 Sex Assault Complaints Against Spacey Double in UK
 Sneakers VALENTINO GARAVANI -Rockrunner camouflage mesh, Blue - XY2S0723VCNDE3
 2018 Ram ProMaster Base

● ● ● ●

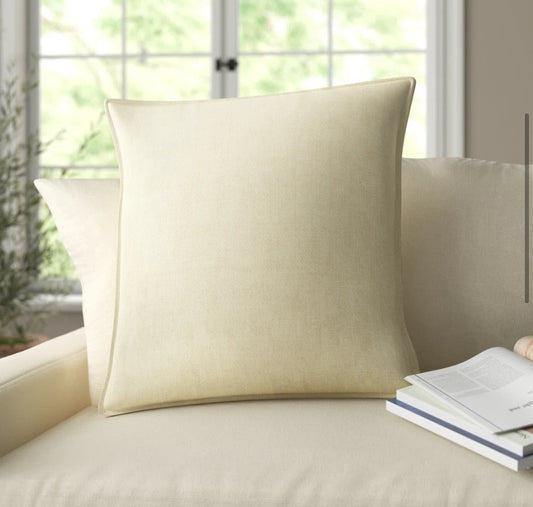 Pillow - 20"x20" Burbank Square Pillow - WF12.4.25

● ● ● ●

=== WHAT THIS TASK INVOLVES ===
Look above for the line with "Sex Assault Complaints" and the line with "2018 Ram ProMaster Base". Write out those two lines and all the lines between them, exactly, and no others.

=== RESPONSE BOX ===
 Sex Assault Complaints Against Spacey Double in UK
 Sneakers VALENTINO GARAVANI -Rockrunner camouflage mesh, Blue - XY2S0723VCNDE3
 2018 Ram ProMaster Base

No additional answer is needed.